O entendimento da cultura e do contexto histórico de Israel nos tempos bíblicos é extremamente importante para que possamos compreender melhor a mensagem bíblica. Talvez todos que leem este texto concordam com isso.
O exemplo que ora mostraremos – de uma interpretação possivelmente equivocada – não é daqueles tão relevantes por seu conteúdo ou carga doutrinária envolvida, contudo é surpreendente pelo fato de termos estabelecido um senso comum sobre o significado do que está escrito e termos popularizado uma ideia distorcida do fato.
O ocorrido trata-se da profecia de Jesus Cristo em relação a Pedro afirmando que ele o negaria antes que o galo cantasse, conforme o evangelho de Mateus 26.69-75 e paralelos. A pergunta é: realmente foi um galo (ave) que cantou ou era possível o fato do galo cantar se referir a outra coisa?
Um problema em aceitar que uma ave realmente tenha cantado para “selar” a negação de Pedro é que em Jerusalém não havia galos ou galinhas. Havia até mesmo uma proibição de criá-los visto que Jerusalém era considerada a cidade santa e, por questões de higiene, e pureza das coisas santas, não era permitido criar os bichinhos.
Como podemos entender então o texto que fala do “canto do galo”?
Segundo Martins[1] (2011, p. 61) o segredo está em compreender como os romanos dividiam a noite. Ela era dividida em quatro vigílias de aproximadamente três horas cada uma da seguinte forma:
a) Prima vigilia: do pôr do sol até às 9 horas, também chamada de vigília do entardecer.
b) Secunda vigília: das 9 horas à meia-noite, chamada de vigília da meia noite.
c) Tertia vigília: de zero horas às 3 horas, também conhecida como vigília do canto do galo.

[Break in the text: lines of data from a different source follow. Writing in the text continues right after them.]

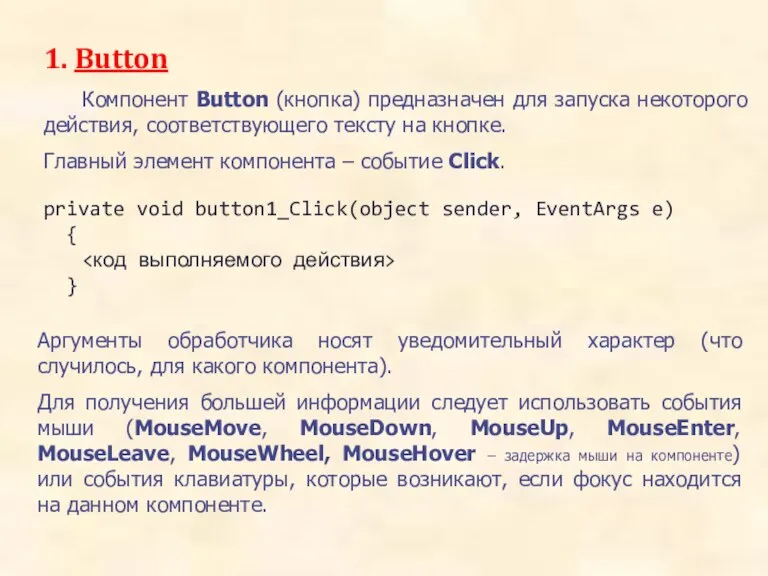 1. Button Компонент Button (кнопка) предназначен для запуска некоторого действия, соответствующего тексту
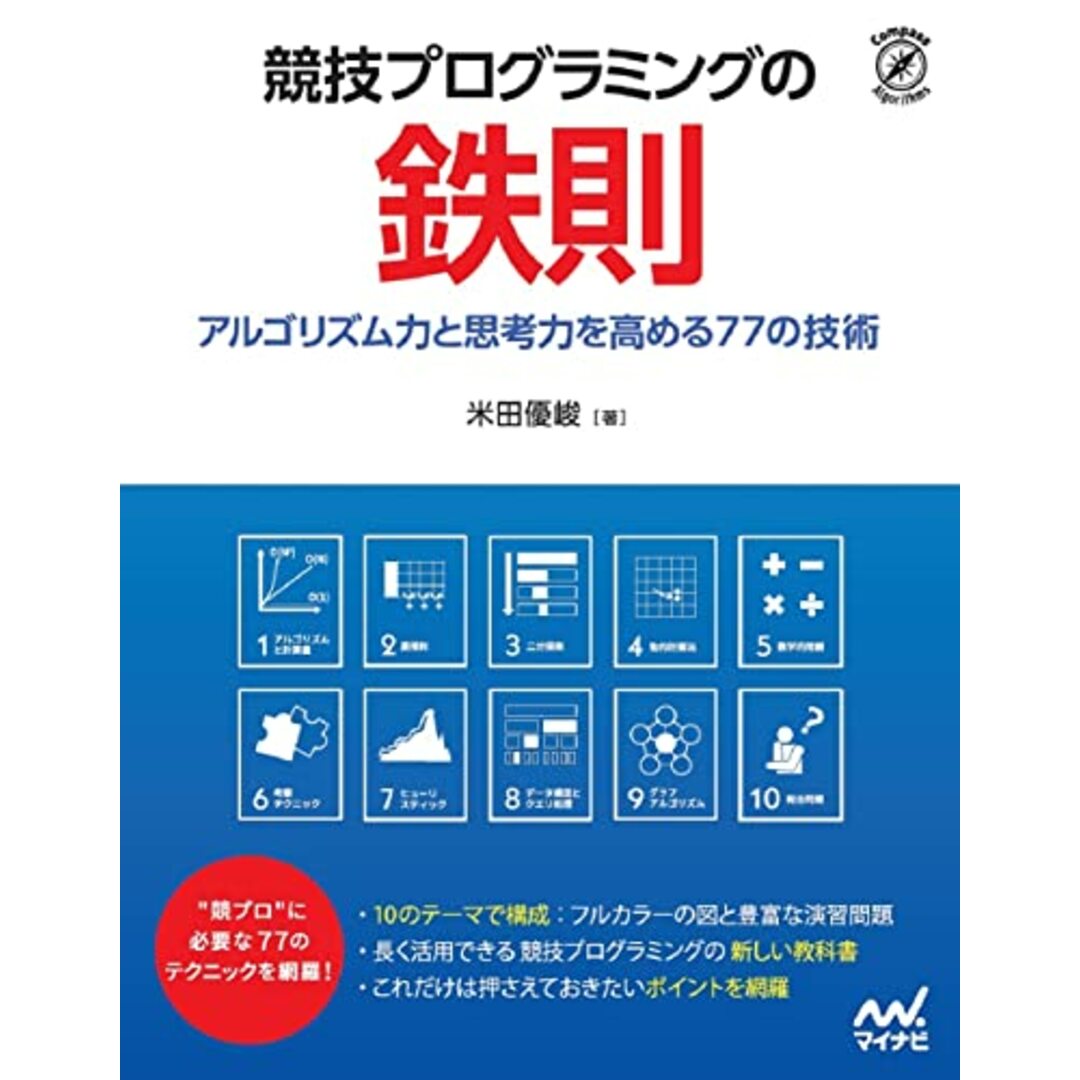 競技プログラミングの鉄則 ~アルゴリズム力と思考力を高める77の技術~ (Compass Booksシリーズ)/米田 優峻 エンタメ/ホビーの本(コンピュータ/IT)の商品写真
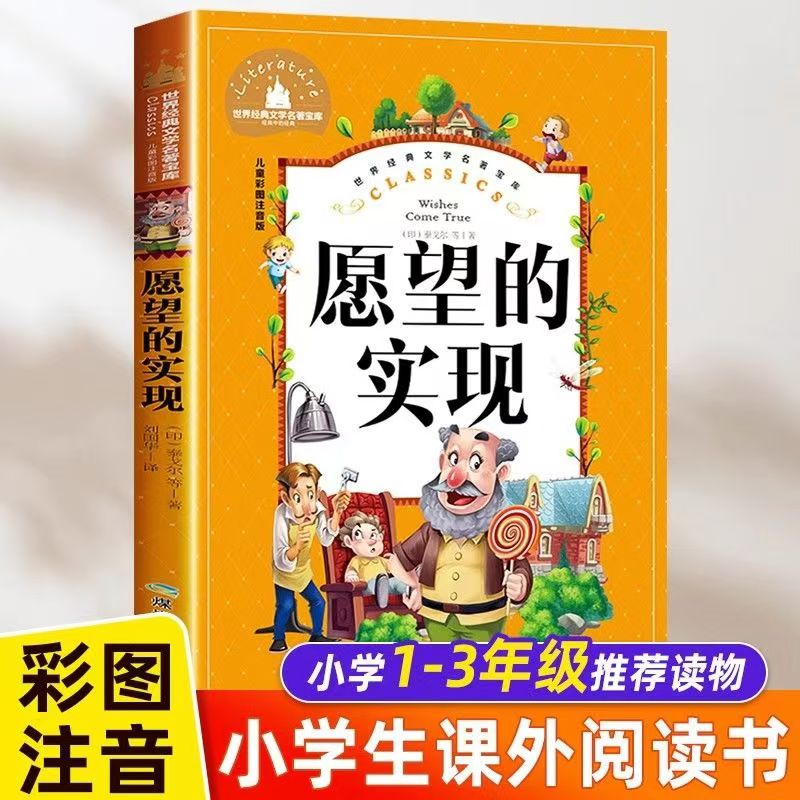 儿童文学书籍二年级必读 愿望的实现 泰戈尔书 正版课外阅读书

d) Quarta vigília: das três horas até a aurora, chamada de vigília do amanhecer.
Essas quatro vigílias determinavam o período de serviço das guardas romanas. Os judeus, posteriormente, também adotaram essa divisão para a noite. As quatro vigílias são designadas pelo nome especial de cada uma no texto bíblico a seguir: “Vigiai, pois, porque não sabeis quando virá o dono da casa: se à tarde, se à meia-noite, se ao cantar do galo, se pela manhã; para que, vindo ele inesperadamente, não vos ache dormindo. O que, porém, vos digo, digo a todos: vigiai!” (Marcos 13.35-37, grifo nosso). As expressões tarde, meia-noite, cantar do galo e manhã referem-se claramente ao final de cada vigília da noite mencionada anteriormente.
O mais interessante ainda é que, segundo Martins[2]: “o ‘canto do galo’ era a expressão usada naquela época no império romano para se referir ao toque da trombeta tocada pelo soldado romano avisando a todos o final da terceira vigília da noite”. O final de cada vigília e o início de outra era marcada por um toque de trombeta, mas aquela da terceira vigília tinha o nome especial de gallicinium em latim que traduzido para o português significa “o canto do galo”. Assim, conforme o exposto, possivelmente Jesus Cristo estaria afirmando que a última negação de Pedro se daria antes das 3 horas da madrugada, ou seja, antes do tocar da trombeta (cantar do galo) que finalizaria a terceira vigília da noite.
Todo mundo em Jerusalém sabia do toque da troca de guarda às 3 horas da manhã no castelo de Antônia e conheciam que o toque da trombeta era chamado de “canto do galo”. Jesus não falara de um corriqueiro canto de um galo no fundo do quintal da casa de Anás e de Caifás, mas do barulho ensurdecedor da trombeta que se espalhava por toda Jerusalém, soando forte nos ouvidos de Pedro, balançando sua alma, fazendo com que chorasse copiosamente por ter traído a Jesus. (MARTINS, 2011, p. 67).
O que dizer então quando Marcos afirma que o galo cantaria “duas vezes”? (Marcos 14.30). Realmente trata-se do toque duplo da trombeta. Em dias festivos às vezes era preciso dar dois toques. Um primeiro numa direção e, em seguida, após alguns momentos, outro noutra direção. Também há a possibilidade dada pelo historiador Plínio de que o toque dado à meia-noite era chamado de o “primeiro cantar do galo” já o toque às 3 horas, finalizando a vigília, era conhecido como “segundo cantar do galo” conforme Martins. De qualquer forma trata-se de um toque “duplo” da trombeta.
Como dito antes, o fato é simples. Não alterará em nada a vida espiritual de ninguém (esperamos). Contudo, nos serve como alerta para nos aprimorarmos na interpretação bíblica e sermos um pouco mais criteriosos quanto à compreensão dos fatos. Precisamos buscar informação da época e o contexto vivencial dos personagens e não atribuirmos ao texto nossas impressões atuais como leitores e nem mesmo nossa perspectiva pós-moderna.